Task : Go to the HuggingFace repo for Galactica and have a look at the tokenizer config files to see where these special tokens go.

Question: How do you think you can make a simple change to the BPE algorithm in chapter-2 so that integers always undergo character-level tokenization? Think about making a change in the step where we select the best pair of symbols.

Tokenizer training

The Tokenizer was trained on 2% of the training data, randomly selected. They trained a BPE tokenizer with a vocabulary of size 50K. Note that for all the other special modalities used, the authors have chosen a character-level tokenization (numbers, chemical structure, protein sequences, etc). The fundamental imbalance wrt English text/code vs scientific modalities doesn't matter much in terms of the compression you get, because you're not really compressing other modalities. (recall our discussion about low-resource languages from chapter-4)

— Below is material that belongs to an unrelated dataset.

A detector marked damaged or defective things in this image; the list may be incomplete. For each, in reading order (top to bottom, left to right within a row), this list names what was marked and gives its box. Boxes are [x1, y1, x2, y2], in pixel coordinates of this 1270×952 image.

Takeways on tokenizer design

Something to think about while designing your tokenizer. From Galactica,the important lesson, in my opinion, which has become the norm really, is that you can separate out different data modalities with their own special tokens to switch between different modes of generation. Note that training a tokenizer from scratch is not always needed. For example, if you want to have some custom function calling behaviour with Llama 2 (as far as I know, no such training was performed for the base model), then you don't have to train the tokenizer from scratch. Your function call will be represented in code-like syntax, which Llama has been trained on, and what you would need to do is add special tokens, like [START_FUNC] and [END_FUNC], resize token embeddings for the model, and then finetune on some function calling data you have.

Also, these special tokens don't solve our issues with generating data according to our schema i.e we'll still have problems with schema validation. You can use a [START_DNA] token in your prompt to better condition the model to generate a DNA-like sequence, but you might still end up with an invalid DNA sequence. With more complicated schemas like JSONs with multiple fields/nesting, you can imagine the problems an LLM might have. Using special tokens helps, and should give better performance, but you'll need to do schema validation.

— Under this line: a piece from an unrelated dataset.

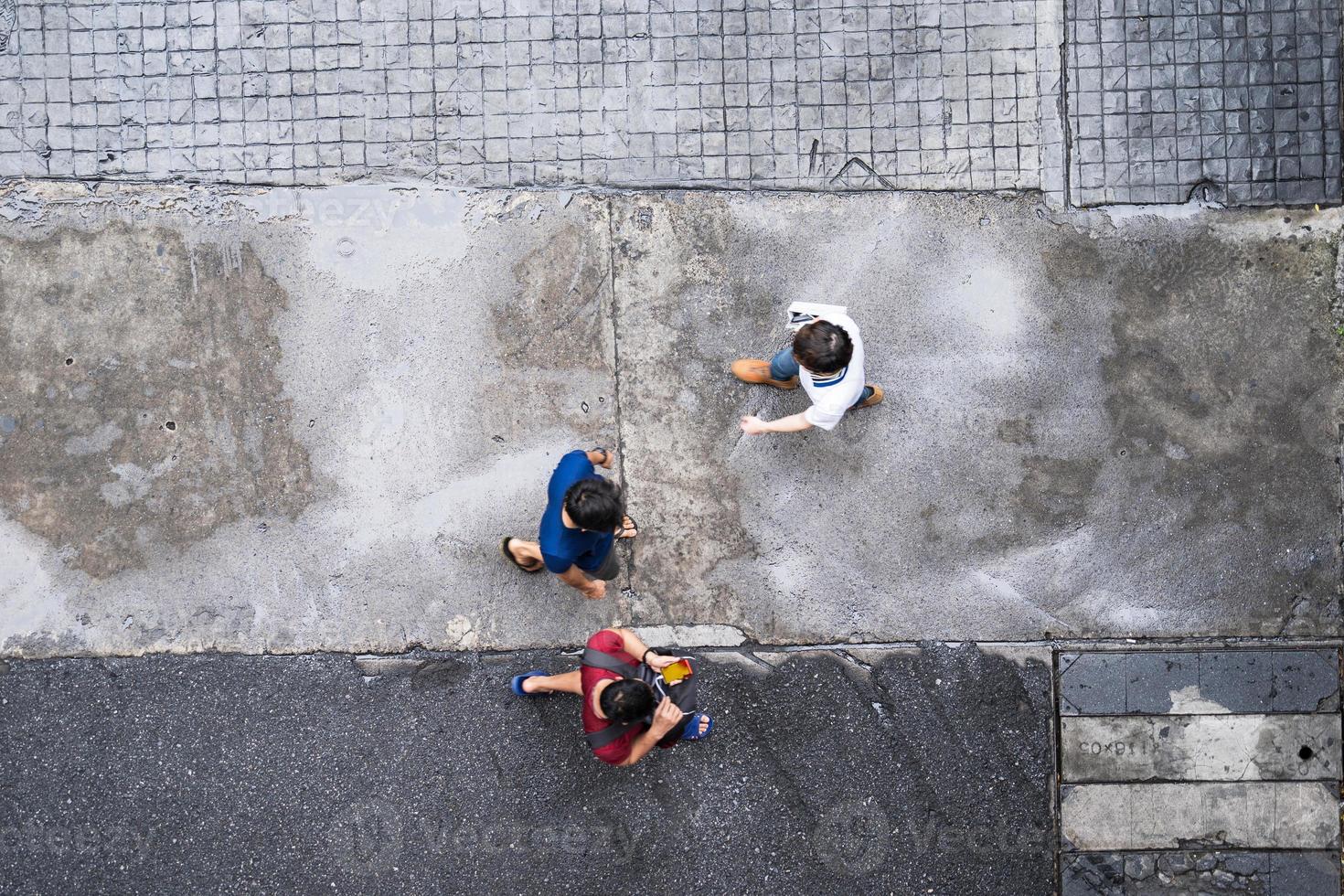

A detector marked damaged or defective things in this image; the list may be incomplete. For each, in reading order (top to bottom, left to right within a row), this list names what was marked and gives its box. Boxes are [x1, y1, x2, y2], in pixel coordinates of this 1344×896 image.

cracked concrete slab [2, 184, 1344, 657]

Model Training and Results

This section will deviate slightly from tokenization, just to provide some context for other aspects in Galactica.

They trained a whole family of models, from size 125M to 120B parameters. The models were trained with a 2048 context length, and they chose to use no biases like most modern LLMs (if you understand the precise reason/study for this, I'd love to know). Optimization-wise they used AdamW with weight decay and gradient clipping with 1.0 as the max global norm (I don't know where this magical 1.0 comes from again).

They also trained the models for multiple epochs, specifically 4.25 epochs. This "4" epoch number also comes up in a later study on repeating tokens, Scaling Data-Constrained Langauge Models, co-authored by the usual suspects at HuggingFace.

Results

Some interesting points from the results, focusing on input format:

  • Zero-shot + Working memory (<work>) Galactica-120B is better than 5-few shot prompting for OPT (175B), BLOOM (176B) and Gopher (280B). Not sure why they didn't compare with PaLM-540B here.
  • Zero-shot + working memory Galactica-120B is better than few-shot CoT prompting PaLM-540B. They also compared Galactica-120B with 5-shot CoT vs <work> token, but this seems to be a prompt template setting used only in evaluation. That is, if the pre-trained model for both settings was trained with the <work> token, then this comparsion doesn't seem fair.

There are a number of great improvements over multiple tasks like reasoning, question answering, and the core idea, which is performance on scientific modalities, which you can find in the paper.